Perhaps the single biggest item on Amazon’s legislative agenda is a bill that would empower all states to collect sales tax from online retailers.

Amazon is required to collect sales taxes only in states where it maintains a physical presence, such as a warehouse. But Amazon now is supporting the bill, which has passed the Senate and is pending in the House. State sales taxes no longer pose a real threat to Amazon; with an emphasis on same-day shipping, the company is building distribution warehouses across the country and would have to pay the tax anyway. Last month, the company announced it would hire 5,000 employees at these warehouses, an ambitious growth strategy that is hurting profits in the short run.

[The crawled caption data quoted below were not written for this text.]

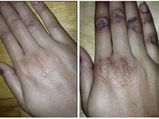 Excellent Home Remedies For Dark Finger Joints And Fingers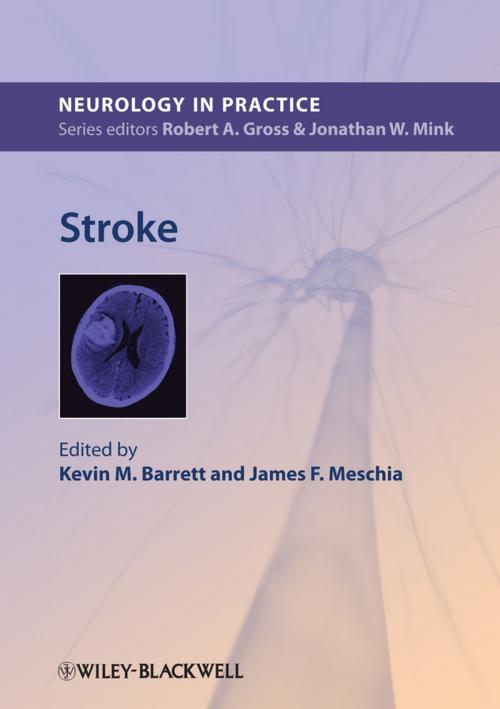 Cover of the book Stroke by , Wiley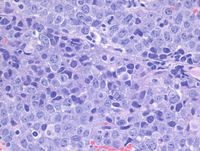 EBVPlasmablastic-lymphomaHE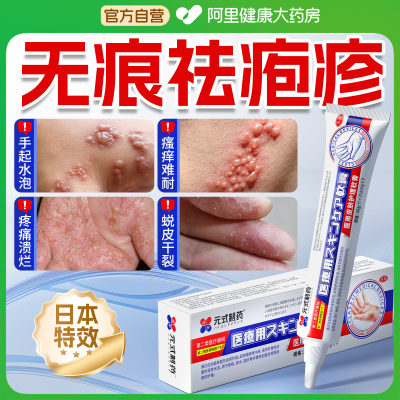 汗疱疹药膏去手上起小水泡汗状疱疹根脱皮杀菌汉状真菌感染止痒药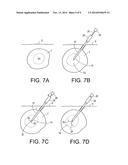 ABLATION PROBE WITH FLARED ELECTRODES diagram and image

(Guess what the sales tax Amazon favors would do to its competition—especially the independent used-book sellers who can’t compete with Amazon in scale, but can undercut its prices? Meanwhile, here’s what you need to know about jobs at those Amazon warehouses.)

It’s worth considering whether tech billionaires like Jeff Bezos and New Republic owner Chris Hughes are buying journalistic institutions or political ones. No tech billionaire was interesting in buying the Boston Globe, after all. (Which may be to the good for that paper, even if the pittance for which the Globe was sold was humiliating to the New York Times Company, which got back less than 10 percent of the $1.1 billion it had paid for the Globe in 1993.) The Tribune papers, including the Los Angeles Times, are also for sale, and while there’s been a lot of media angst about the interest the Republican-leaning Koch brothers have shown in the property, the Washington Post and New Republic seem to have had an easier time finding buyers. What might you get with those properties that the Los Angeles Times or Chicago Tribune doesn’t give you?

There’s more than just lobbying power at stake, of course—there’s also the DC prestige that comes with owning one of the city’s media institutions. Billionaires don’t have much trouble circulating amidst elected officials even without owning the Washington Post, but that ownership changes the relationship, making it easier on the one hand—not simply about one side asking the other for money, but each being involved in the great affairs of the nation—but also, on the other, giving the billionaire more leverage than he’d otherwise have over pols who can always pit one rich man’s interests (and money) against another’s. The Post is still uniquely valuable as an aggregator of military-industrial interests, well represented both in advertisements and on the op-ed page. The Post‘s owner is potentially in position to deploy not only his own lobbying muscle, but that of the other interests that speak through the Post.

It’s not as if the Post‘s previous owners haven’t had angles of their own, of course, and Bezos says he’s keeping the paper’s management and doesn’t have much of a plan to change the content, though he’s alluded to a need for experimentation. The New Republic has been pretty good under Hughes, in terms of the quality of its writing if not the design of the magazine, which is too visually cluttered for my tastes. (It’s a magazine designed for people who want to look, not read, and that doesn’t seem to me to be the market the New Republic should be going for.) So what the Bezos purchase means for the Post‘s coverage and editorial positioning is hard to say, and perhaps the paper’s quality will improve. The op-ed page could hardly get any more neoconservative—not even if the paper had been sold to a consortium led by Bill Kristol—so in some senses Bezos can only better. And maybe he really does care about quality journalism for its own sake. In which case, Bezos would just so happen to have acquired an invaluable means of influencing policymakers as well.